**What is needed**:
Could you restate the data word for word and drop the pictures?

**Data for review**:
*** Block opens ***
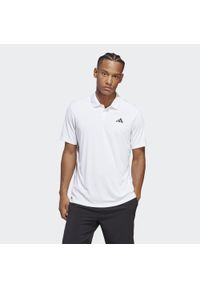 Adidas - Club Tennis Polo Shirt. Typ kołnierza: polo. Kolor: biały. Materiał: materiał #1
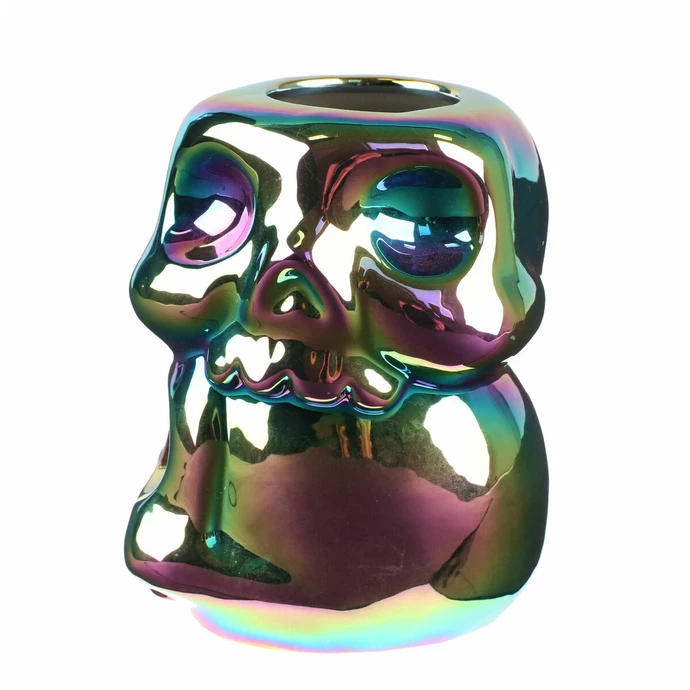 Vase (decoration) KILLSTAR - Rainbow Skulls - Aura 4 Vase (decoration) KILLSTAR - Rainbow Skulls - Aura - Image 2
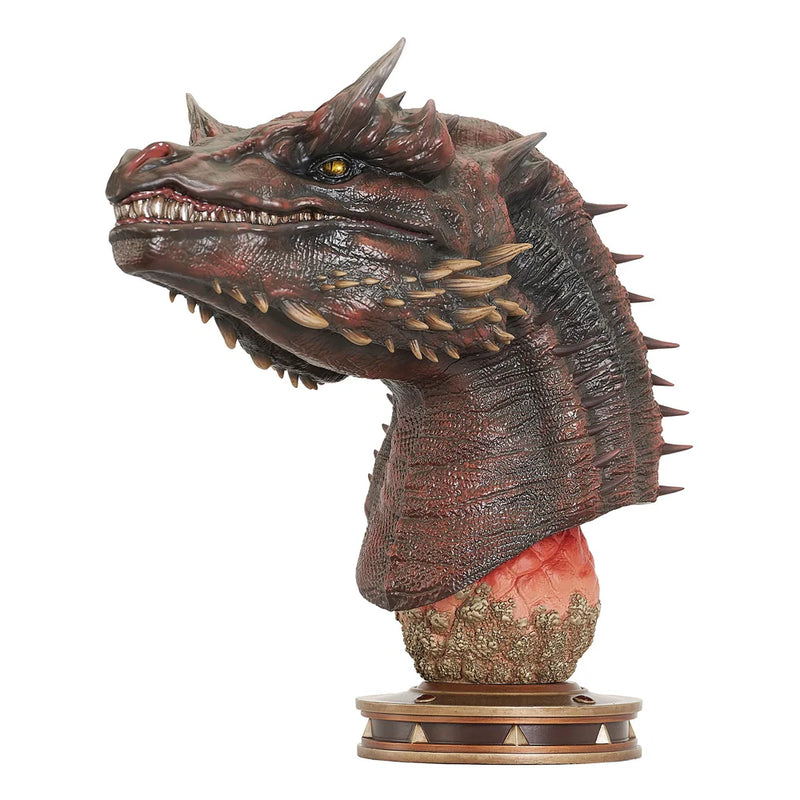 House of the Dragon Legends in 3D Caraxes 12 Limited Edition Bust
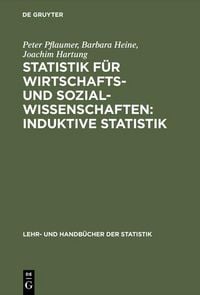 Produktbild: Statistik f&uuml;r Wirtschafts- und Sozialwissenschaften: Induktive Statistik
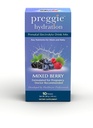 Trzy Lollies Preggie Pakiety Hydration - Natural Hydration & Digestive Health Support for Women W czasie ciąży - Łagodzi Nudności i Zastępuje Numenty - Essentials for Morning Choroby - 10 Pakiety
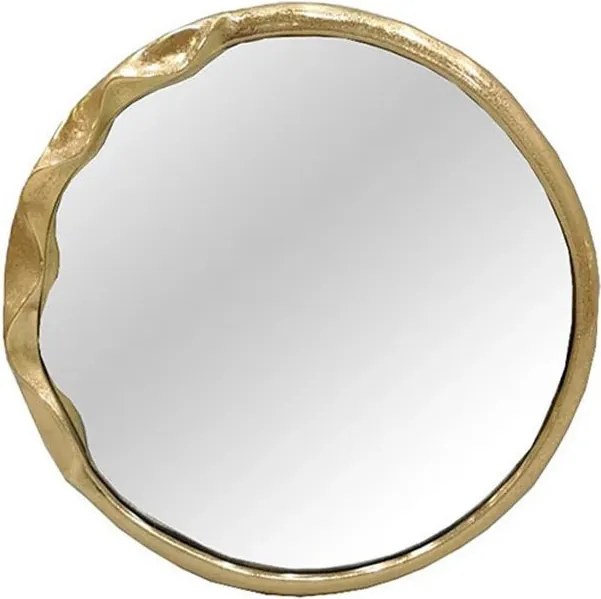 Oglinda decorativa Portrait 60cm auriu A-46099 VC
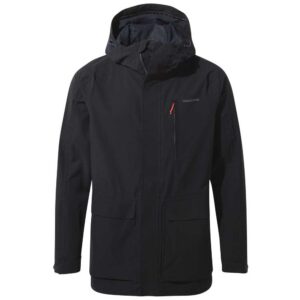 Craghoppers Lorton Jacket Negro 2XL Hombre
*** Block closes ***
**Answer section**:
 Adidas - Club Tennis Polo Shirt. Typ kołnierza: polo. Kolor: biały. Materiał: materiał #1
 Vase (decoration) KILLSTAR - Rainbow Skulls - Aura 4 Vase (decoration) KILLSTAR - Rainbow Skulls - Aura - Image 2
 House of the Dragon Legends in 3D Caraxes 12 Limited Edition Bust
 Produktbild: Statistik f&uuml;r Wirtschafts- und Sozialwissenschaften: Induktive Statistik
 Trzy Lollies Preggie Pakiety Hydration - Natural Hydration & Digestive Health Support for Women W czasie ciąży - Łagodzi Nudności i Zastępuje Numenty - Essentials for Morning Choroby - 10 Pakiety
 Oglinda decorativa Portrait 60cm auriu A-46099 VC
 Craghoppers Lorton Jacket Negro 2XL Hombre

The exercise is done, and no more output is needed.